Max J. van Duijn (Leiden)
Sunday, May 20th
In daily interaction as well as when dealing with narratives (in the broad sense, including e.g. drama and film), humans are capable of keeping track of complex networks of multiply-embedded mind states (Dunbar 2003; 2008). Experiments investigating this capability have shown that participants make relatively few mistakes in answering questions covering up to four layers of embedding, whereas error rates increase to almost 60% with fifth-order questions (Kinderman et al. 1998). On the basis of such results, it has been argued that the human capability to process multiple-order intentionality (MOI) has a ‘natural limit’ at around fifth order (Dunbar 2008).

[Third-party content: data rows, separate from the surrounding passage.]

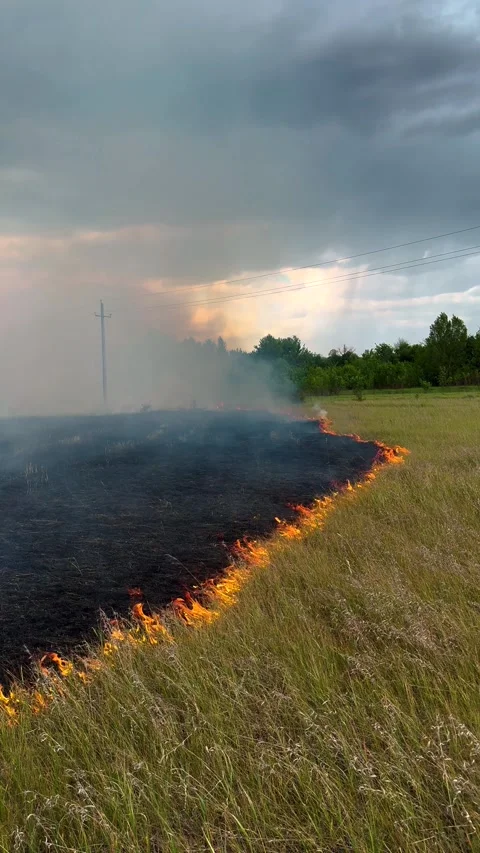 Natural disaster. Epic big fire in nature park. Grass is burning, smoke. Red Stock Footage 321089314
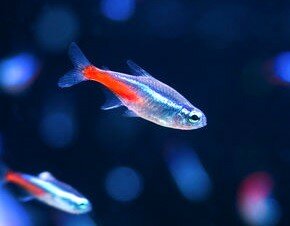 【秋葉原】～『アクア専攻』～新たにお友達（ネオンテトラ）をお迎えします～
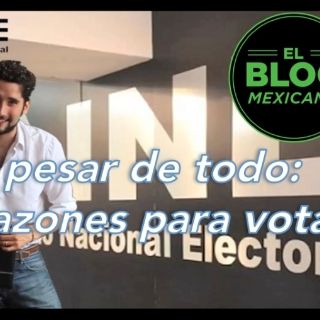 El Blog Mexicano: Razones para votar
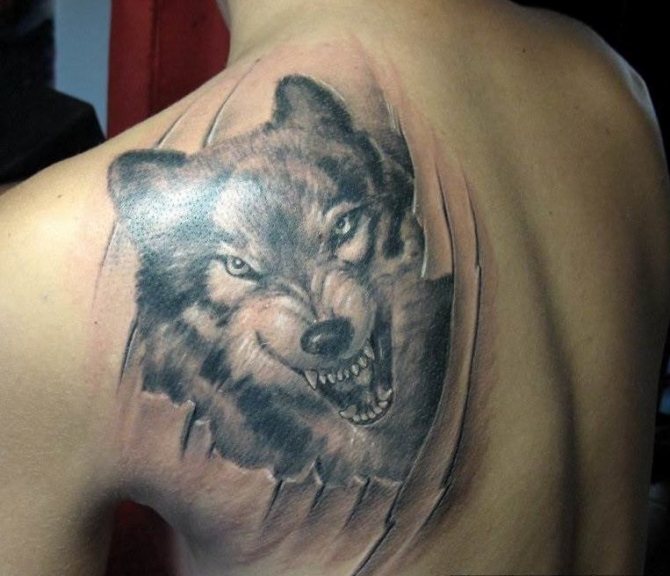 Un tatouage de loup signifie que vous avez très probablement affaire à un voleur récidiviste.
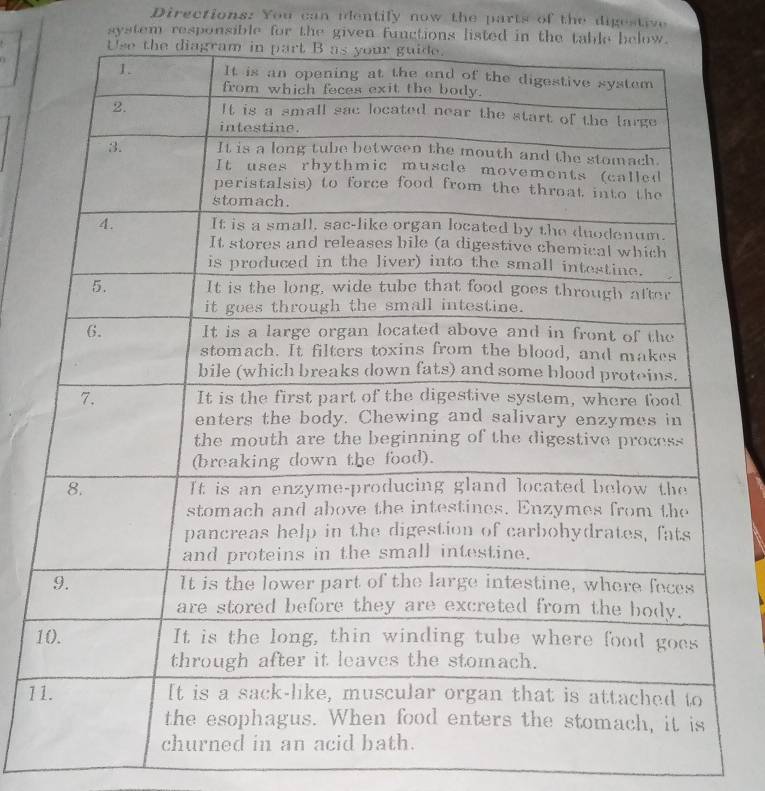 Directions: You can identily now the parts of the digestive 
system responsible for the given functions listed in the table below. 
1 
1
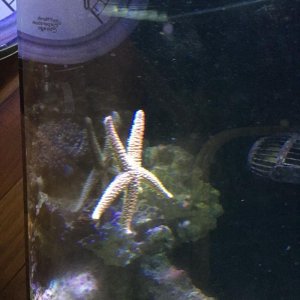 starfish.jpg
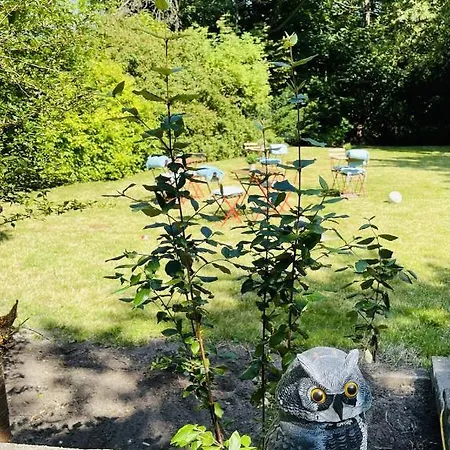 Aday - Mansion - Open Bright With Garden *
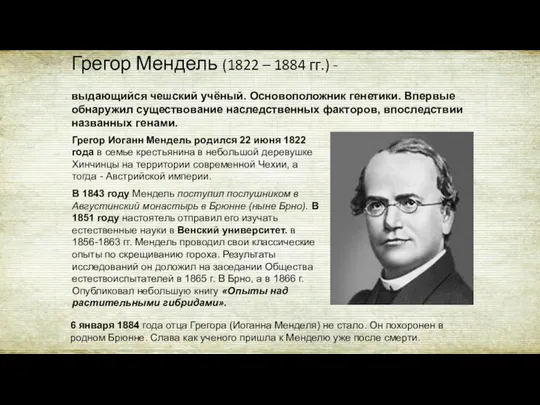 Грегор Мендель (1822 – 1884 гг.) - выдающийся чешский учёный. Основоположник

However, the human capability to process MOI cognitively seems to be quite dependent on how crucial information about what characters believe, think, intend, etc., is presented. This can be well illustrated by paraphrasing situations from certain novels and plays: analytic formulations of MOI formed in this way very quickly become opaque. In Shakespeare’s Othello, for example, the audience has to understand that Iago intends that Cassio believes that he (Iago) intends that Desdemona intends that Othello considers Cassio’s rehabilitation… (cf. Dunbar 2008). Such a paraphrase is, to say the least, uncomfortably complex. At the same time, it is an empirical fact that a play such as Othello has been understood and appreciated for ages, indicating that a normally gifted reader/watcher can follow it without undue cognitive strain.
What this suggests is that some aspects of the exposition of information in Othello and comparable narratives must alleviate the cognitive burden of processing MOI. My objectives are to describe these aspects, and to explain how they relate to the (cultural) evolution of linguistic devices that facilitate both communication and cognition (Tomasello 2008), and to the framework of ‘dual inheritance’ in general (Boyd & Richerson 1985; Tomasello 1999). In line with this, I will argue that the presumed ‘natural limit’ in the human capability to process MOI is not so much fixed and braininherent, but best circumscribed in a more pragmatic fashion.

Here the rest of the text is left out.